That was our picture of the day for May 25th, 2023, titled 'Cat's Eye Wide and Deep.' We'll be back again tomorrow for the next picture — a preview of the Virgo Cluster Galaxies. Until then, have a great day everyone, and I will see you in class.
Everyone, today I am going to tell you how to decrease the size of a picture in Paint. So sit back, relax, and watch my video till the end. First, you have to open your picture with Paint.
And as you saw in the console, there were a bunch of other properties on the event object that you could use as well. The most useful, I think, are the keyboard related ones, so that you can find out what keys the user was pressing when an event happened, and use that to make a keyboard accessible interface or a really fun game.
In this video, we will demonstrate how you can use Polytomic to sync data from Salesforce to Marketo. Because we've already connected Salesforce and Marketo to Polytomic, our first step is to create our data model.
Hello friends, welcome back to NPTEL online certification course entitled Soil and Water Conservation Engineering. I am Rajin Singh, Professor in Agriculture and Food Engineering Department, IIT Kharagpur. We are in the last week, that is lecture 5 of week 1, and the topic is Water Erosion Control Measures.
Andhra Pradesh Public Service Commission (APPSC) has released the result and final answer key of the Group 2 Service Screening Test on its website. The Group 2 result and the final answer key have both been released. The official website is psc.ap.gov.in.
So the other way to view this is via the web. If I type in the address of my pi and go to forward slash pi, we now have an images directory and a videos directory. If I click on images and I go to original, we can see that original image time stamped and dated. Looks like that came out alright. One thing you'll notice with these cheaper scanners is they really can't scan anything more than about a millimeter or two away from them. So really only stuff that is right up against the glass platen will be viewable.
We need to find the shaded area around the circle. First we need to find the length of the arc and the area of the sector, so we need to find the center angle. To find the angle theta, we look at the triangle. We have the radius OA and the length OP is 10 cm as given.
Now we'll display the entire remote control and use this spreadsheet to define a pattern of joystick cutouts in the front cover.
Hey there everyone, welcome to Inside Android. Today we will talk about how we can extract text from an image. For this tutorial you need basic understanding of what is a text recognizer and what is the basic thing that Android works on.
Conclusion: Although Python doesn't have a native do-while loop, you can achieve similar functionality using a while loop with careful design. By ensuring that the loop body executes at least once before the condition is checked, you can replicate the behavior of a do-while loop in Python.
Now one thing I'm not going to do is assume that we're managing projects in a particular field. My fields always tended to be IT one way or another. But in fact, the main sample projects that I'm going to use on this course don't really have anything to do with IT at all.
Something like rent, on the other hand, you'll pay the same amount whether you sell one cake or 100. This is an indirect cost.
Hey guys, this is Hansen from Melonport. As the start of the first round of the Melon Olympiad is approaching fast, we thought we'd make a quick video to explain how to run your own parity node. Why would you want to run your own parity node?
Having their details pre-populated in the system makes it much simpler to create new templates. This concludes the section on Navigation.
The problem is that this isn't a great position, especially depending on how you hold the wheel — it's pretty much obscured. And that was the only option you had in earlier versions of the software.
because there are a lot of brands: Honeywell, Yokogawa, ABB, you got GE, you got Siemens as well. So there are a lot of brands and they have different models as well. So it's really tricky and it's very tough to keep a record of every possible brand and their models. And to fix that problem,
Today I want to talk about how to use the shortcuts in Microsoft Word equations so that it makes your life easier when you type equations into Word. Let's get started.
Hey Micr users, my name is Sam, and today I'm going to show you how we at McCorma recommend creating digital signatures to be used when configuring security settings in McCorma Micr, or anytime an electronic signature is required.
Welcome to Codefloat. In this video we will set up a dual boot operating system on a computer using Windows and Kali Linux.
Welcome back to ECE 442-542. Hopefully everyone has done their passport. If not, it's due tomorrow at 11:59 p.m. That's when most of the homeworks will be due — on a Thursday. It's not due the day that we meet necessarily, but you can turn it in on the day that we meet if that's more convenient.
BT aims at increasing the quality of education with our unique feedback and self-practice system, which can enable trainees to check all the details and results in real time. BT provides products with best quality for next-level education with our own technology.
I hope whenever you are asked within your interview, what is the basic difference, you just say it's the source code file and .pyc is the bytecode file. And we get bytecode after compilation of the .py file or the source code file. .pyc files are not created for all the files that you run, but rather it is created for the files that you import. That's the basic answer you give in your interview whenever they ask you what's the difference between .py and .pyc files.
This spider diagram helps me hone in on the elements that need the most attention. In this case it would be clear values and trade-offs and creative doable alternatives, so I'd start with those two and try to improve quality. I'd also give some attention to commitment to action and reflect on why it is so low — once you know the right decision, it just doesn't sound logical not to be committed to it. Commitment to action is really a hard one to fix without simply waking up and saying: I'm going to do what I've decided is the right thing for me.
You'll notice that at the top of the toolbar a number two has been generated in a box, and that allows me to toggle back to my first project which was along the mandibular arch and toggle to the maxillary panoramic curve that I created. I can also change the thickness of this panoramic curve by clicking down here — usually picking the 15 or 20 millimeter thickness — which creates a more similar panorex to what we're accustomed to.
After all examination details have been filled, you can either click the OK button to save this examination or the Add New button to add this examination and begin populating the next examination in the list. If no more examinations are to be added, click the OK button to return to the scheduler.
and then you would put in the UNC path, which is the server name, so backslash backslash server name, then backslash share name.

________________________________________

#### Task description:
Using the data above, repeat exactly the lines that begin at the line with "So the other" and end at the line with "Conclusion: Although Python", both ends included.

#### Response to this exercise:
So the other way to view this is via the web. If I type in the address of my pi and go to forward slash pi, we now have an images directory and a videos directory. If I click on images and I go to original, we can see that original image time stamped and dated. Looks like that came out alright. One thing you'll notice with these cheaper scanners is they really can't scan anything more than about a millimeter or two away from them. So really only stuff that is right up against the glass platen will be viewable.
We need to find the shaded area around the circle. First we need to find the length of the arc and the area of the sector, so we need to find the center angle. To find the angle theta, we look at the triangle. We have the radius OA and the length OP is 10 cm as given.
Now we'll display the entire remote control and use this spreadsheet to define a pattern of joystick cutouts in the front cover.
Hey there everyone, welcome to Inside Android. Today we will talk about how we can extract text from an image. For this tutorial you need basic understanding of what is a text recognizer and what is the basic thing that Android works on.
Conclusion: Although Python doesn't have a native do-while loop, you can achieve similar functionality using a while loop with careful design. By ensuring that the loop body executes at least once before the condition is checked, you can replicate the behavior of a do-while loop in Python.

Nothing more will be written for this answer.